Former Trump aide Sam Nunberg to refuse to testify before federal grand jury in Russia probe

Sam Nunberg, a former aide to the Trump campaign, will refuse to appear before a federal grand jury as part of the investigation into Russian meddling in the 2016 election, according to a report.

Nunberg received a grand jury subpoena from the office of special counsel Robert Mueller requesting him to testify in Washington, D.C., on Friday and turn over documents, according to the Washington Post.

However, he does not plan to comply.

The subpoena requests records pertaining to President Trump and nine others, including former White House communications director Hope Hicks, former White House chief strategist Steve Bannon, former Trump campaign manager Corey Lewandowski, and Roger Stone, a longtime informal adviser to Trump.

Documents requested include emails, invoices, telephone logs, calendars, and “records of any kind.”

“What they sent me was absolutely ridiculous. They wanted every email I had with Roger Stone and with Steve Bannon. Why should I hand them emails from November 1st, 2015?” Nunberg told MSNBC. “I was thinking about this today. I was preparing it. Should I spend 50 hours going over all my emails with Roger and Steve Bannon? And then they wanted emails that I had with Hope Hicks and Corey Lewandowski. Are you giving me a break? It’s ridiculous.”

Nunberg said he hasn’t gone over any of the emails requested by Mueller’s team, and said he is “not going to produce them every email I had with Steve Bannon and Roger Stone from November 1 of 2015.”

“I’m not interested in handing all my emails over,” Nunberg said. “I’m not interested in it.”

Speaking with MSNBC, Nunberg was asked whether he believes Mueller and his team “have something” on Trump.

“I think they may,” he said. “I think that he may have done something during the election, but I don’t know that for sure. … The way they ask questions about anything I heard after I was fired from the campaign, to the general election, to even Nov. 1, it insinuated to me that he may have done something.”

Nunberg previously met with Mueller and his team and, in a subsequent interview on CNN, said his meeting with Mueller indicated to him the special counsel and his investigators “suspect something” about Trump.

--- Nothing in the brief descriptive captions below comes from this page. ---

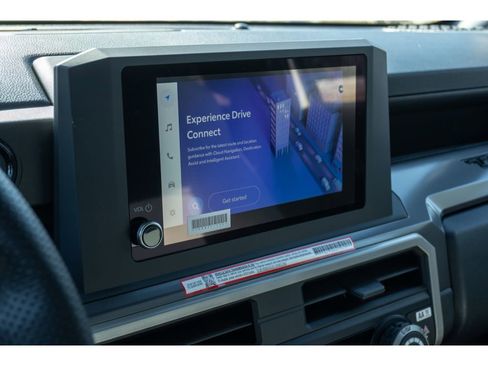 New 2026 Toyota Tacoma SR5 image 19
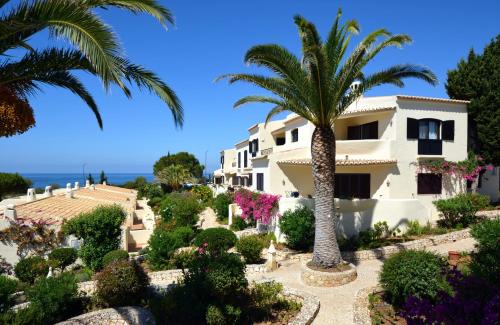 Carvoeiro Resort | Algar Seco Parque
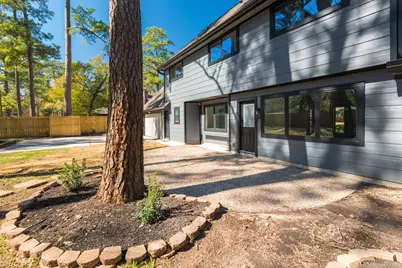 6115 Elmgrove Road, Spring, TX 77389 - Photo 35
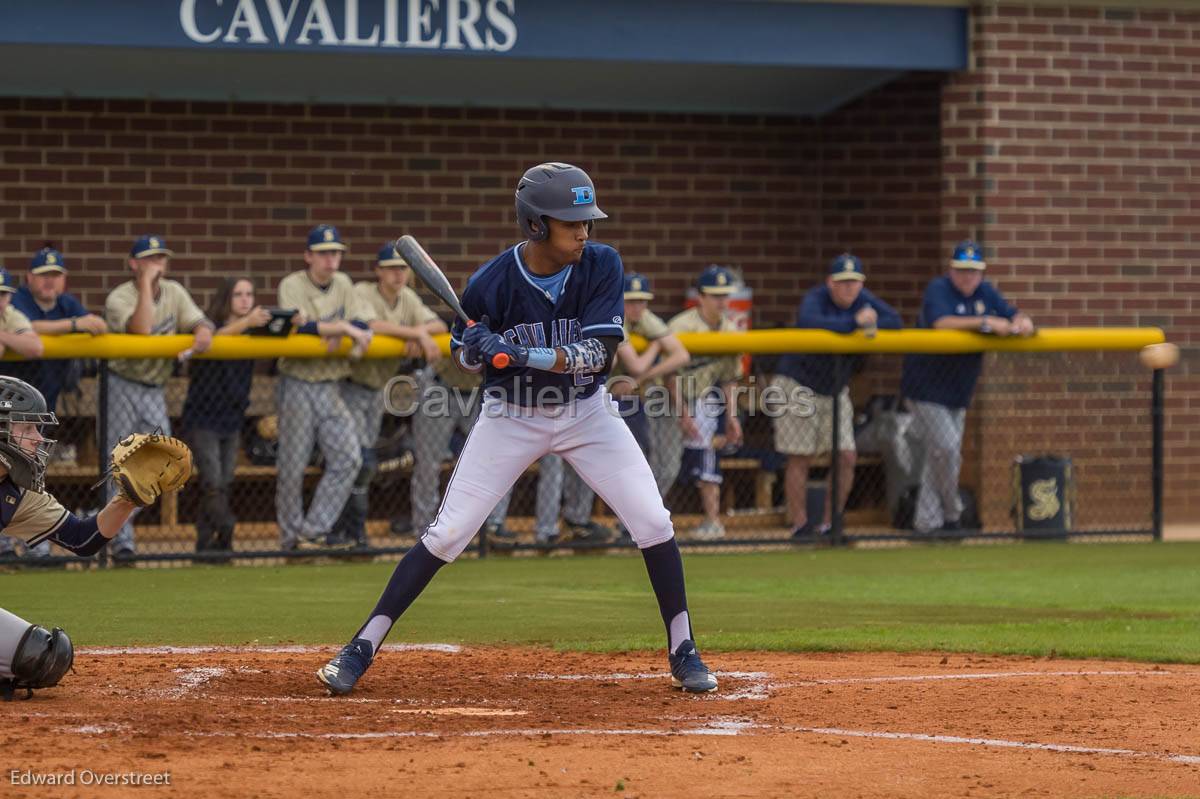 VBaseballvsSHS_4-12-19-179.jpg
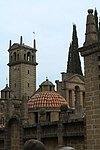 e scarzuola (48).JPG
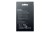 Dysk SSD Samsung 9100 Pro 1TB M.2 2280 PCI-E x4 Gen5 NVMe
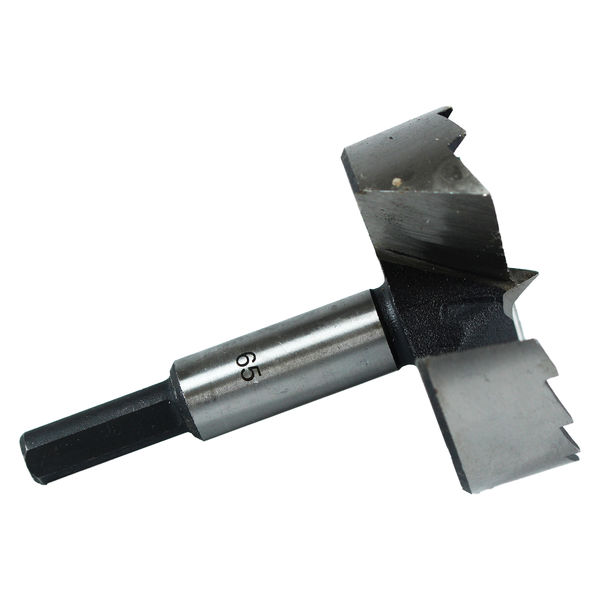 とりひき  2-Cycle Recoil Pull Start Assembly for 22.5CC Kawasaki Hedge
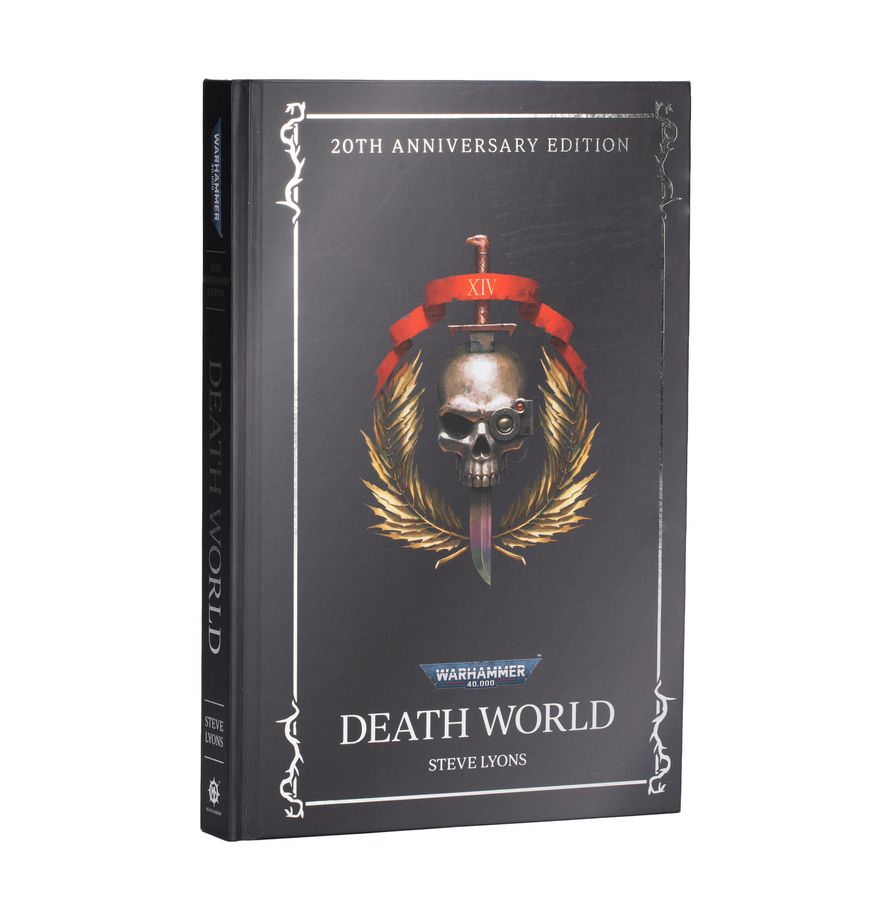 BL3314_BLDeathWorldRoyalHBAnniversaryEdition01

“I suspect that they suspect something about him,” he said. “The way they asked about his business dealings, the way they asked if you had heard anything even during, while I was fired, it just made me suspect that they suspect something about him.”

White House press secretary Sarah Sanders rejected Nunberg’s comments speculating Mueller has damaging information about Trump.

“I definitely think he doesn’t know that for sure because he’s incorrect,” Sanders told reporters during Monday’s White House press briefing. “As we’ve said many times before, there was no collusion with the Trump campaign. Anything further on what his actions are? He hasn’t worked at the White House so I certainly can’t speak to him or the lack of knowledge he clearly has.”

Sanders stressed the White House is cooperating with Mueller and his team.

Nunberg worked on Trump’s presidential campaign for just a few weeks and said Trump “treated me like crap.” He was fired after disparaging Facebook posts were uncovered.

“But when I’m in there and they ask me to go to the grand jury after I sat there for close to 5-and-a-half hours, I’m not going back in,” Nunberg said of his interview with the special counsel. “[Trump] may be right that this is a witch hunt.”